Nine finance company failures in 16 months highlights the volatile nature of these types of investments. There are some good finance companies out there, but you need to sort the good from the bad. You have to be your own financial planner and not rely solely on financial advice.

Kapiti Coast sharebroker Chris Lee says there are 12 key "distress signals" to watch out for.

A simple search on the internet is usually enough to see whether a company has met one or more of the "distress signals". It doesn't take a highly paid financial adviser to warn you - look on the internet yourself.

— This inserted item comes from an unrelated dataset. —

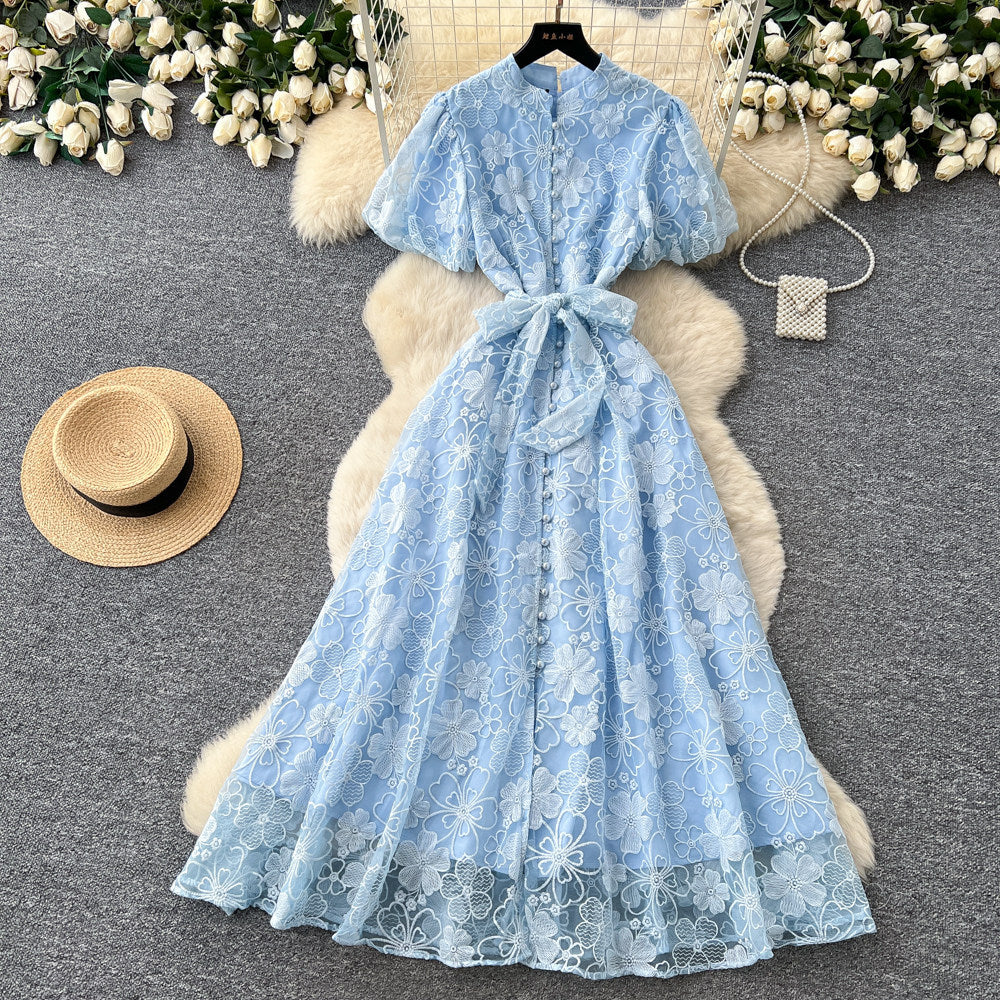 Elegant lace embroidered maxi dress for women - high waist a-line, perfect for summer, work, and evening events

If a company in which you're thinking of investing has sent out one or more of the following signals, be extremely cautious about investing in it. Some of these distress signals may apply only to listed companies.

The 12 distress signals

  • Does the company have a credit rating from a reputable agency? Has the rating been stable in recent years?

  • Does the company have any "enforceable undertakings" or other compliance issues with the New Zealand Securities or the Australian Securities and Investment Commission? (See Jargon buster for why this matters.)

  • Does the company have any issues with the stock exchange (NZX or ASX) on either its listed or unlisted board?

  • Has the company's share price fallen recently?

  • Does the company have published bad debts? And has its percentage of bad debts been rising?

  • Does the company have significant lending to related parties (such as companies or individuals able to control or significantly influence the finance company, or who are otherwise connected with the finance company?)

  • Does the company invest in any unusual countries?

  • Do the company's published accounts show a bad "liquidity profile" - for example, does it have enough cash on hand or overdraft arrangements with banks to meet its short-term cash-flow needs? Has it been able to get overdraft or standby facilities with a bank?

  • Has the company recently increased its advertising (television, newspaper or radio)?

  • Has the company been selling loans to competitors?

  • Has the company borrowed money to meet interest payments?

  • Have senior staff been leaving the company?


Lee says failed finance company Bridgecorp met all 12 "distress signals". He questions why financial advisers - who as professionals would have been well aware of this - continued to channel their clients' funds into Bridgecorp.